Economic Commentary: The indebtedness of Swedish households: Update for 2016
Household indebtedness has been increasing since the mid-1990s in Sweden. The latest update on household debt in Sweden show that debt continues to rise faster than income, and that low-income, young and urban households are most indebted. This Economic Commentary uses household-level data to describe the distribution of debt over time and across income and age groups as well as regions and banks.
Some of the main results are that:
Household debt continues to grow faster than income. Over the last 12 months, the average debt-to-income (DTI) ratio has increased by five percentage points to 343 percent.
Lower income groups have the highest DTI ratios but the difference in DTI levels across income groups is shrinking.
Municipalities with higher debt levels already in 2010 have experienced the largest increase in household indebtedness between 2010 and 2016.
There are considerable differences between the banks, in terms of both their customers' DTI levels and the changes in customers' DTI between 2010 and 2016.
Nearly 50 per cent of households do not reduce their mortgage debt. Since 2015, the share of households decreasing their mortgage debt has grown.

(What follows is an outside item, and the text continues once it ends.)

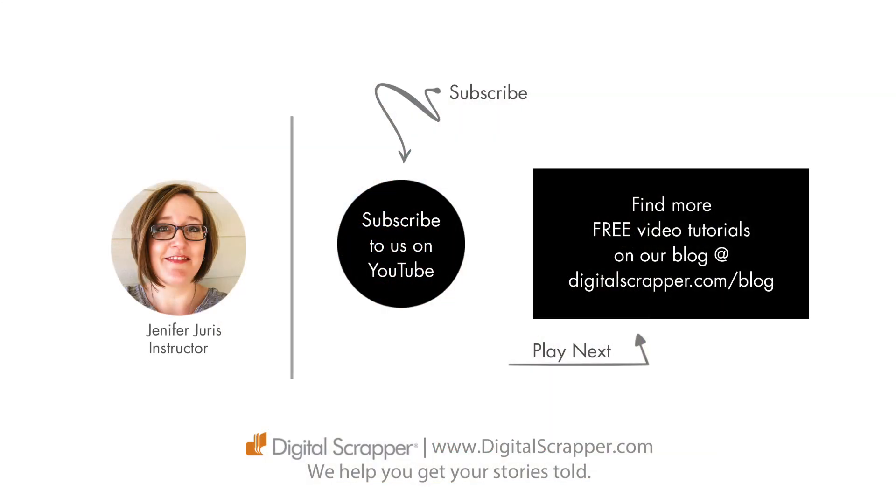If you found this video helpful, please give it a like and consider subscribing to our channel. This has been Jennifer Juris with Digital Scrapper. We help you get your stories told.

In order to better understand the risks linked to increasingly indebted households, the Riksbank started gathering credit information on all borrowers from the eight largest banks in Sweden in 2013. This data has enabled the Riksbank to study how indebtedness has changed over time and how it varies across income and age groups as well as regions and banks. Analyses of this credit data have been published in a number of Riksbank Economic Commentaries. In the present Economic Commentary, the authors extend the earlier analysis by using new data covering the period July 2010-July 2016.
By Peter van Santen and Dilan Ölcer.
The authors work in the Monetary Policy Department and Financial Stability Department of the Riksbank.